[Aim of the exercise]:
Output only the stretch of the listing that starts at the line containing "City Apartments Mozart" and ends at the line containing "Hangfal Elac Debut", reproduced exactly with both ends.

[Entries shown]:

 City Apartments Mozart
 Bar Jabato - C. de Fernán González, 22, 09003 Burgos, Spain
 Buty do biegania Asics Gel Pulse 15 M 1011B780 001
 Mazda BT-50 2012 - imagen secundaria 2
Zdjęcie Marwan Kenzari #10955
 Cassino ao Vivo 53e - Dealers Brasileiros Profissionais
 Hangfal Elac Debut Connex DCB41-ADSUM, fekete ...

---

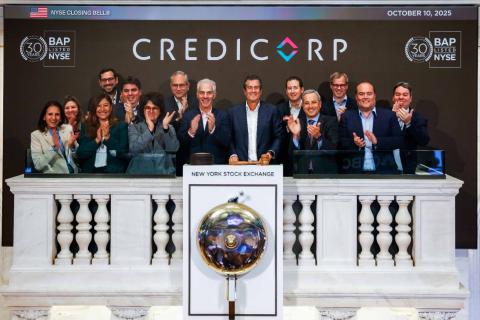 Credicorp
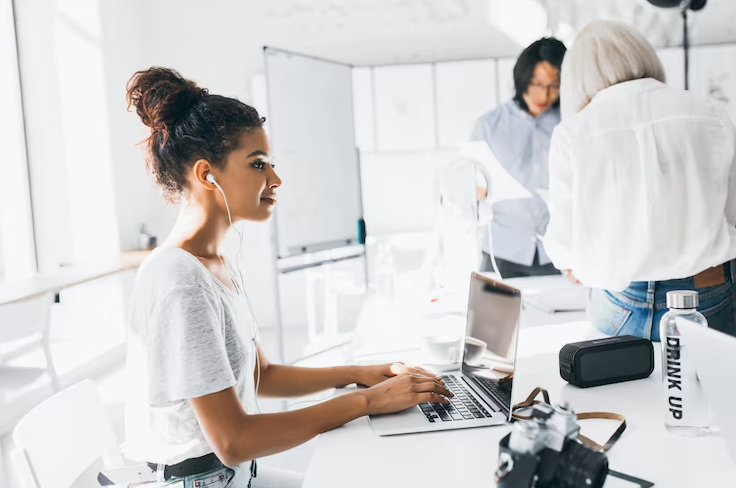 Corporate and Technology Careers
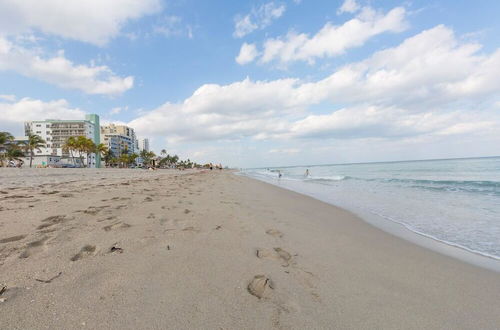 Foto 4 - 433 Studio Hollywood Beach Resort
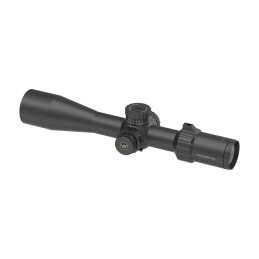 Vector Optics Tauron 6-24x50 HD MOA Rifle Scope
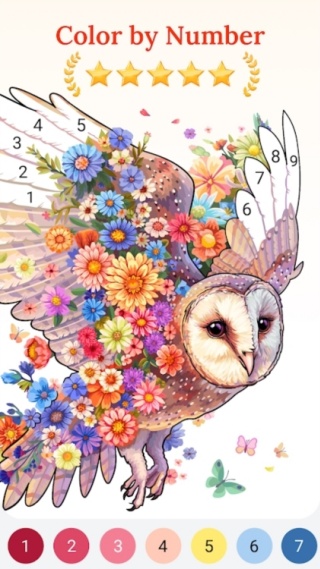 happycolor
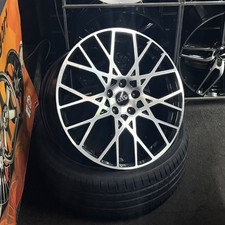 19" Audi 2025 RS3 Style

[Answer space]:
 City Apartments Mozart
 Bar Jabato - C. de Fernán González, 22, 09003 Burgos, Spain
 Buty do biegania Asics Gel Pulse 15 M 1011B780 001
 Mazda BT-50 2012 - imagen secundaria 2
Zdjęcie Marwan Kenzari #10955
 Cassino ao Vivo 53e - Dealers Brasileiros Profissionais
 Hangfal Elac Debut Connex DCB41-ADSUM, fekete ...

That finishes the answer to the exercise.